How to reduce internal air bubbles to enhance structural density during silicone pad manufacturing?
Release Time : 2026-01-26
In the manufacturing process of silicone pads, the presence of internal air bubbles significantly weakens their structural density, thereby affecting the product's physical properties, sealing performance, and lifespan. Bubble formation mainly stems from uneven raw material mixing, molding process defects, or environmental interference, requiring systematic optimization measures for control. The following analysis focuses on raw material handling, process improvement, equipment upgrades, and environmental control.
Raw material mixing is the primary step in bubble formation. When mixing silicone substrate with additives such as curing agents and thermally conductive fillers, excessively fast stirring speeds or inconsistent stirring directions can easily trap air, forming microbubbles. Furthermore, uneven particle size distribution or untreated surfaces of thermally conductive fillers such as alumina and boron nitride can lead to poor dispersion within the silicone matrix, resulting in localized voids. To address this issue, efficient mixing equipment, such as twin-roll mills or internal mixers, is required. Low-speed, directional stirring ensures uniform mixing of raw materials. Simultaneously, surface coatings or chemical modifications of the thermally conductive fillers can reduce their surface energy, improve compatibility with the silicone matrix, and reduce void formation.
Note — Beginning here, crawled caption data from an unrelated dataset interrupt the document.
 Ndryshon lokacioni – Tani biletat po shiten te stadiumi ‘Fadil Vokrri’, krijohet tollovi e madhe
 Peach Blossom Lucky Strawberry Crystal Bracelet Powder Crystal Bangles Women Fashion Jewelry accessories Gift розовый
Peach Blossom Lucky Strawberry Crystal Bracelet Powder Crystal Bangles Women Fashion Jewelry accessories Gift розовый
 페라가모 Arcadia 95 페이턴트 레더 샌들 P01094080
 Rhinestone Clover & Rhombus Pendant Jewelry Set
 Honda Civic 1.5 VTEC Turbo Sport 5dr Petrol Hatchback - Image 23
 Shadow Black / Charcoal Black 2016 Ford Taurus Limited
The molding process is crucial for bubble removal. Compression molding is a common method for silicone pads, but improper mold design, such as insufficient number or improper placement of vents, can lead to gas retention. Optimizing the mold structure, increasing the number of vents, and arranging them appropriately can significantly improve gas venting efficiency. Furthermore, precise control of molding temperature and pressure is crucial: too low a temperature results in poor silicone flow, making it difficult for gas to escape; too high a temperature may cause premature curing of the silicone, blocking gas channels. Therefore, optimal molding parameters must be determined experimentally based on the type of silicone and filler characteristics to ensure uniform silicone flow and sufficient venting within the mold.
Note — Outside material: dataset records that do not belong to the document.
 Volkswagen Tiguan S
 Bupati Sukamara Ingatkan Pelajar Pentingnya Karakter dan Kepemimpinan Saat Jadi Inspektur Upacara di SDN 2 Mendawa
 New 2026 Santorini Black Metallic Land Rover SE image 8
The vulcanization process is a critical stage in the formation of the silicone pad structure. Controlling the vulcanization temperature and time directly affects the degree of cross-linking of the silicone and the effectiveness of bubble removal. Too low a vulcanization temperature leads to incomplete cross-linking of the silicone, easily resulting in residual bubbles; too high a temperature may cause silicone decomposition, generating gas. Simultaneously, insufficient vulcanization time will result in incomplete curing of the silicone, preventing the release of internal stress and leading to microcracks. Therefore, strict monitoring of vulcanization temperature and time is necessary, employing a segmented vulcanization process, such as low-temperature pre-vulcanization followed by high-temperature formal vulcanization, to ensure sufficient cross-linking of the silicone and complete bubble removal. Vacuum degassing is an effective auxiliary method for reducing air bubbles. After mixing the silicone and before molding, it is placed in a vacuum environment. By reducing the pressure, the air bubbles expand and escape. The vacuum degassing equipment must have sufficient vacuum and degassing time to ensure complete bubble removal. For high thermal conductivity silicone pads, due to the high filler density and difficulty in bubble removal, centrifugal degassing can be combined. The centrifugal force generated by high-speed rotation accelerates the bubbles to float, further improving the degassing effect.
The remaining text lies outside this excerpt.